まず、給与と外注費の大枠についてみてみます。
給与とは
給与とは、個人が雇用契約又はこれに準ずる契約に基づき他の者に従属し、かつ、当該他の者の計算により行われる事業に役務を提供する場合のことを言います。
世にいう、サラリーマン等が会社から支給される毎月支給されるものを給与と考えれば間違いありません。
給与については、納得感がある方が多いのではないでしょうか。
サラリーマンとして企業に勤務したことがある方であれば、給与明細を毎月受け取っていたと思います。
固定給+残業代+諸手当等が給与に該当します。
給与からは、所得税が源泉徴収され、住民税や社会保険料が天引きされます。
外注費とは
事業者とは自己の計算において独立して事業を行う者に対して支給する、業務委託の対価です。
一般的に業務委託契約というのは外注のことです。
税法上定めらえている外注費を除き、企業は源泉徴収義務はありません。外注先は自社の従業員等でもないため、社会保険料を外注費から天引きする必要もないことになります。
外注費と給与を区別は?4点がポイント。
外注費と給与を区別するポイントが、消費税基本通達1-1-1-に記載されています。
(1) その契約に係る役務の提供の内容が他人の代替を容れるかどうか。
(2) 役務の提供に当たり事業者の指揮監督を受けるかどうか。
(3) まだ引渡しを了しない完成品が不可抗力のため滅失した場合等においても、当該個人が権利として既に提供した役務に係る報酬の請求をなすことができるかどうか。
(4) 役務の提供に係る材料又は用具等を供与されているかどうか。
(1)~(4)について総合的に判断することで、外注費に該当するのか、給与に該当するのかを検討することになります。
(1) その契約に係る役務の提供の内容が他人の代替を容れるかどうか。
他人の代替が効くのであれば、外注費です。
契約内容にもよりますが、下請け等に業務を振ることが可能であれば外注費として判断することが可能です。
給与の場合、部下に仕事を振ることは可能ですが、ご自身でも会社に労働役務を提供する必要があります。
(2) 役務の提供に当たり事業者の指揮監督を受けるかどうか。
成果物さえ期限内に提出すれば、日中に作業をしようが、深夜に作業をしようが、問われないのが外注費です。
仕事の進め方や、勤務時間を細かく指定しているのであれば、それは給与に該当します。
(3) まだ引渡しを了しない完成品が不可抗力のため滅失した場合等においても、当該個人が権利として既に提供した役務に係る報酬の請求をなすことができるかどうか。
外注の場合は、成果物の納品をしなければ、報酬がもらえません。一方、給与であれば不可抗力により、成果物の引渡ができなかった場合であっても、給与を受取ることが可能です。

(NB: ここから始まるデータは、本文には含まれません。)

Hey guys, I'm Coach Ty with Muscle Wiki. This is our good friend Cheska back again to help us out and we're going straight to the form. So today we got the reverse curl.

成果物納入に対して一定のリスクを負っているのであれば外注、リスクを負っていないのであれば給与という判断になります。
(4) 役務の提供に係る材料又は用具等を供与されているかどうか。
業務を遂行する上での、材料や用具を提供されているのであれば、給与です。
サラリーマンの場合は、会社に行けば文房具をはじめとして、机や椅子、PC、プリンター等、ありとあらゆるものが用意されています。
外注の場合は、外注先が原則として自分自身で材料、用具を準備する必要があります。
外注費が給与認定されると…税務上痛い目に合う
契約形態が業務委託という形式であっても、これらの判断要素に当てはめると、「給与」に当てはまるのであれば、税務上給与として取り扱います。
外注費として取り扱っていたものが、給与として取り扱われると、次のようなダメージを企業は受けることになります。。
2.源泉徴収漏れ
3.上記の税金納付漏れによる加算税等のペナルティ
1.消費税の仕入税額控除の否認
外注費が100万円(税別)の場合、別途8万円を消費税として支払う必要があります(現在、消費税率は8%ですが、2019年には10%に増税が予定されています)。
一方で、給与の場合は消費税が課されない(不課税)ので、消費税の計算上は仕入税額控除ができません。外注費であれば最大8万円が消費税の計算上、控除できていたのが、できなくなってしまうのです。
2.源泉徴収漏れ
外注費であれば、一定の職種に該当しない限りは、支払う側は源泉徴収義務を負いません。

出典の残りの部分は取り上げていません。